Task to complete:
Using the data below, output a verbatim copy of the lines between the one holding "El alcalde, Alberto" and the one holding "Banner IPTV-Kampagne Römer", inclusive, without any pictures.

[Entries supplied Boundary: Start]

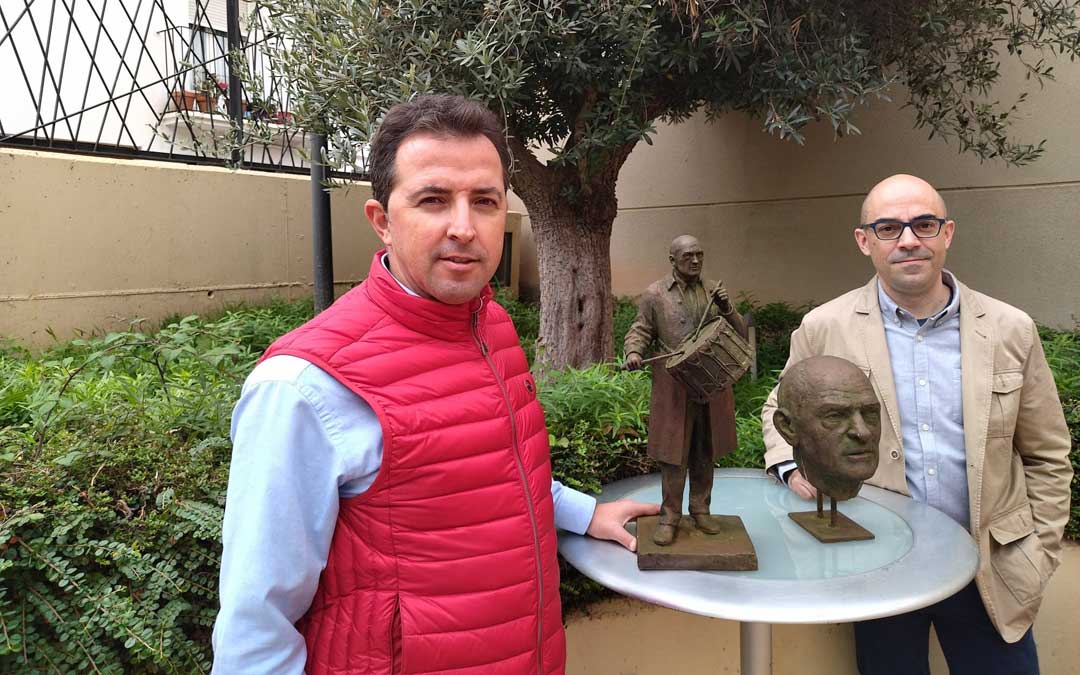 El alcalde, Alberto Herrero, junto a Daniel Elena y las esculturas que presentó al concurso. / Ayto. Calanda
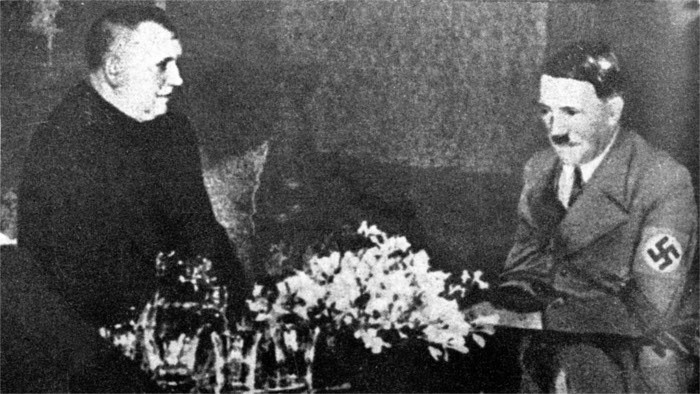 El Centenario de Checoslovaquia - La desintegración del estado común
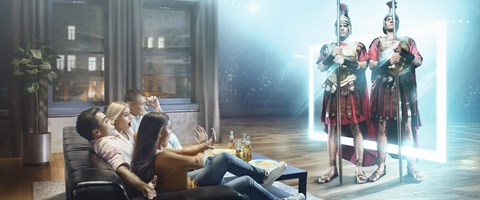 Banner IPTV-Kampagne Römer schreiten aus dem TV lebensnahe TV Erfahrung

[Entries supplied Boundary: End]
[Entries supplied Boundary: Start]

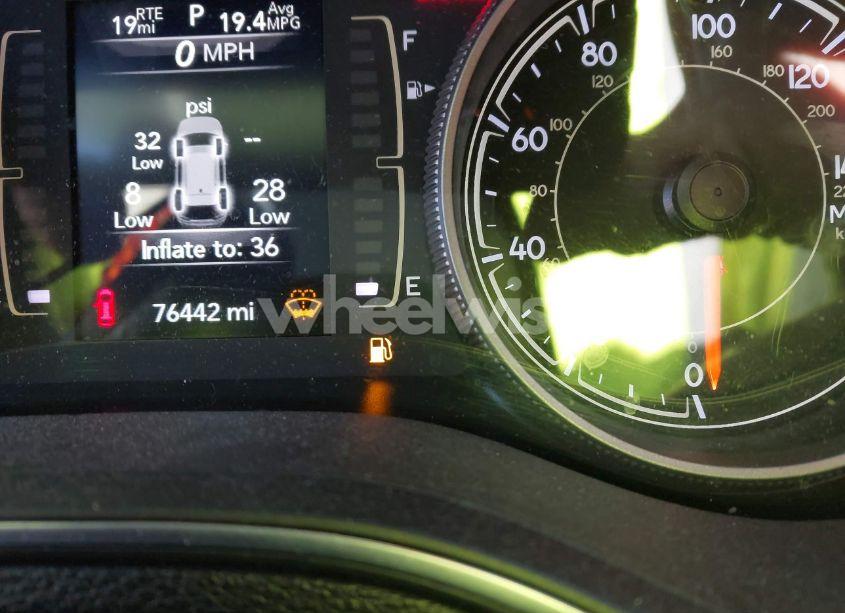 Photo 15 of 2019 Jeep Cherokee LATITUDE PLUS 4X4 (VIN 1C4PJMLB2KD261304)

[Entries supplied Boundary: End]

Solution for this task:
 El alcalde, Alberto Herrero, junto a Daniel Elena y las esculturas que presentó al concurso. / Ayto. Calanda
 El Centenario de Checoslovaquia - La desintegración del estado común
 Banner IPTV-Kampagne Römer schreiten aus dem TV lebensnahe TV Erfahrung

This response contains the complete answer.